The mission of our project is to create an AI model that trains an agent to navigate a multi-floor obstacle tower by solving puzzles to find the exit to proceed through the various floors. The obstacles that the agent will face range from various things such as symbols, objects, and keys, all of which need to be utilized to unlock doors and solve puzzles. The agent processes its surroundings by receiving image frames as input, from which it must learn to identify the various elements related to progression in the environment. After analyzing the input, the agent can choose to output a variety of actions, or combinations of actions, such as turning and moving. The success of the agent is measured based on the number of floors the agent can clear on average from each timestep.
In order to achieve our goal of creating an efficient model that trains AI agents for our environment, our team will be utilizing Stable Baselines3’s Proximal Policy Optimization (PPO) algorithm. PPO is a policy gradient optimization algorithm that in simple terms seeks to weigh the advantages between the old and new policies, and conservatively update the policy during each step. By clipping the value of change any given advantage provides, and always punishing the maximum amount for any negative advantages, this leads the policy to in effect take a long time thinking of what the right move for a given input would be.

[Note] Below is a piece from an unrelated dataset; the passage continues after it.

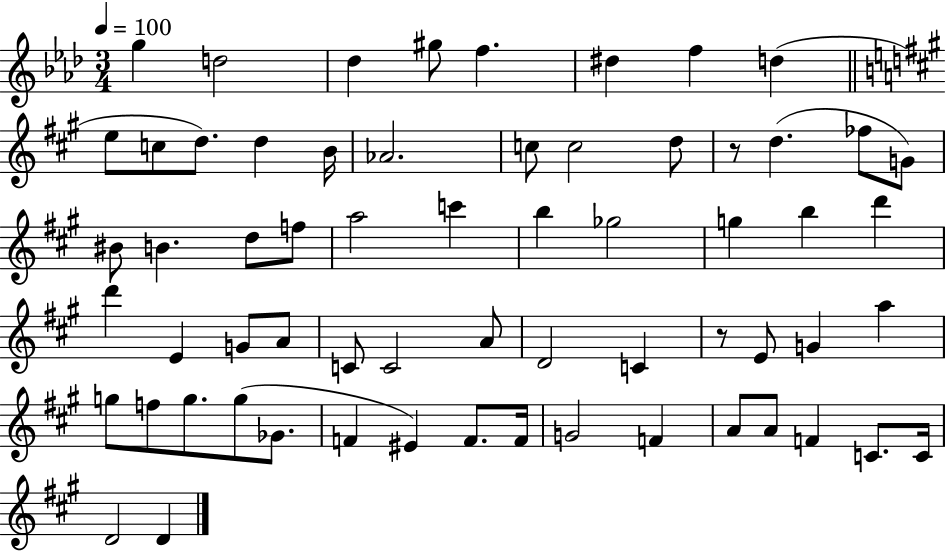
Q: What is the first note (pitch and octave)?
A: G5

The reason that our team chose to implement PPO to solve the obstacle tower challenge is that PPO is very efficient in scenarios involving acting on an environment; this is because its high rate of stability and ability to maximize the amount of training received from each input work well when the agent has a large action space combined with the fact that each input can only effectively be trained on once. One downside to utilizing PPO in this environment is that in order to fully ascertain the effectiveness of the model, it will take a considerable amount of timesteps before the agent’s performance converges to its maximum, requiring a lot of training time.
The agent takes in an 84 x 84 RGB image for its observation and is processed with a convolutional neural network (CNN). The image includes how much time is remaining and the keys pressed.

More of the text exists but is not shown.